Republican abortion rights advocates, who hope to modify the party's strong anti-abortion stance, say that they are being shut out of the platform deliberations and that debate is being squelched.
A party official called the charges of exclusion "outrageous."
The party also faces rumblings of internal friction on other issues -- from Vice President Dan Quayle's presence on the ticket to President Bush's handling of his campaign.
Party leaders predict that the 1992 platform, like recent predecessors, will call for a constitutional ban on abortion and appointment of judges who would uphold such a ban.
The National Republican Coalition for Choice says it was denied exhibition space at the convention and assigned hotel rooms far out of town.

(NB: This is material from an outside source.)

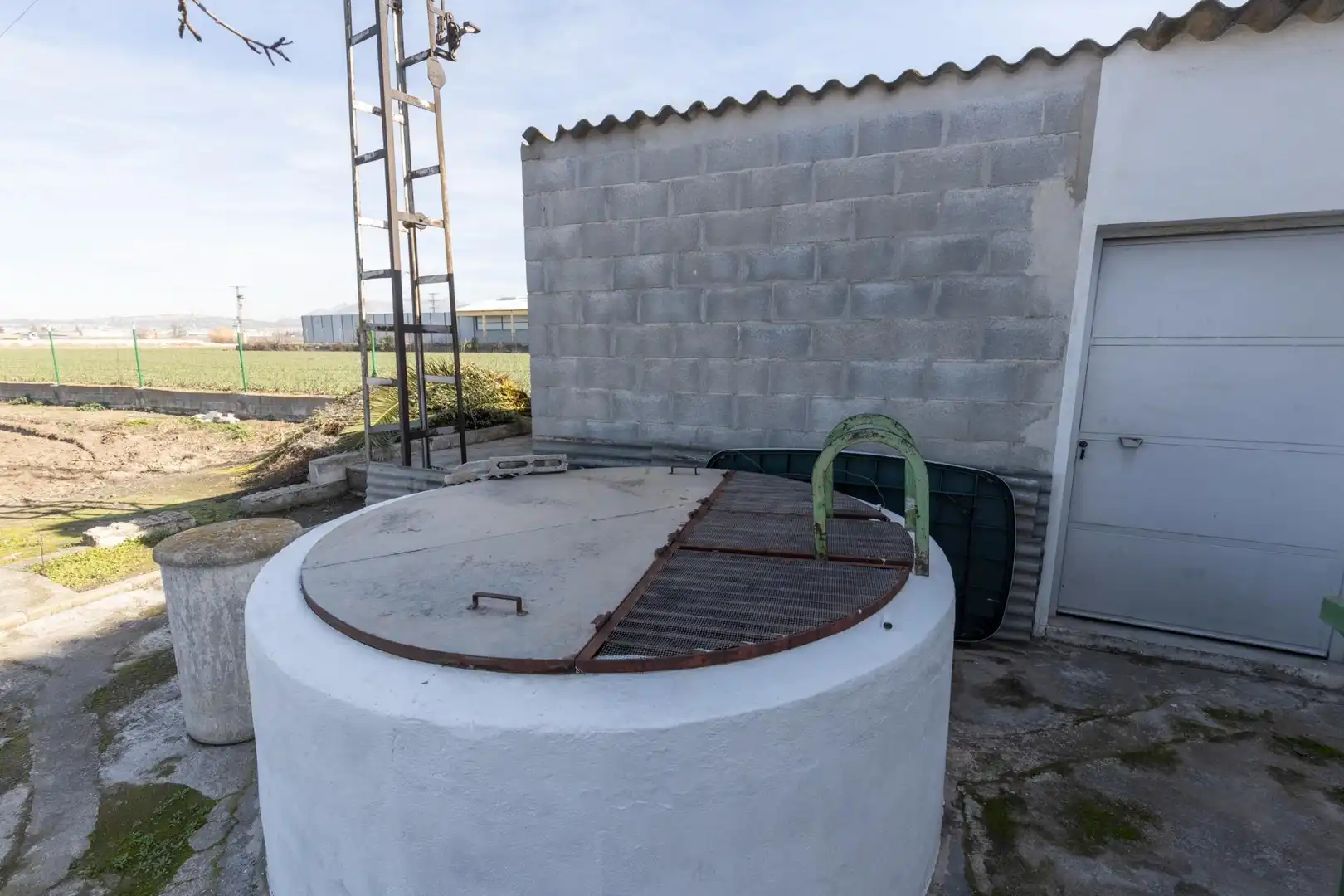 Exterior view of Houses for sale in Granada  with Heating, Private garden and Terrace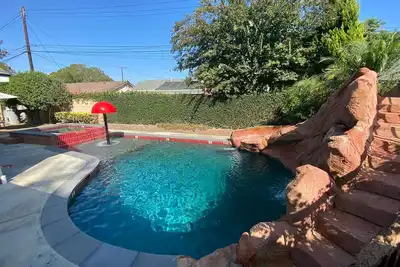 Image de Funtierland + Maison d'Andy + Promenade à Disneyland + Piscine + Netflix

The group takes issue with the party's decision to move the convention's final vote on the platform to Monday morning, Aug. 18 -- opening day -- instead of on the second day, as it was in 1988.
"They don't want this convention to be about abortion," said xTC Nancy Sternoff, executive director of the coalition.
"What they've done is severely cut the time to put together support for a minority plank."
Gary Koops, Republican National Committee spokesman, said the charges of exclusion were "outrageous" and added that the National Republican Senatorial Committee staff shares a hotel with one GOP abortion rights group.
As for the Tuesday vote, he said, "I don't know the historic precedent, but I think it [the charge] is nonsense."
Republican abortion rights groups have vowed to make their views heard in Houston. They say they are planning a series of rallies, news conferences and protests outside the Astrodome, the convention site.
Colleen Parro of Dallas, executive director of Republican National Coalition for Life, dismisses the opposition as sore losers. She said they don't have the votes needed to get the issue debated at the platform hearings or the convention.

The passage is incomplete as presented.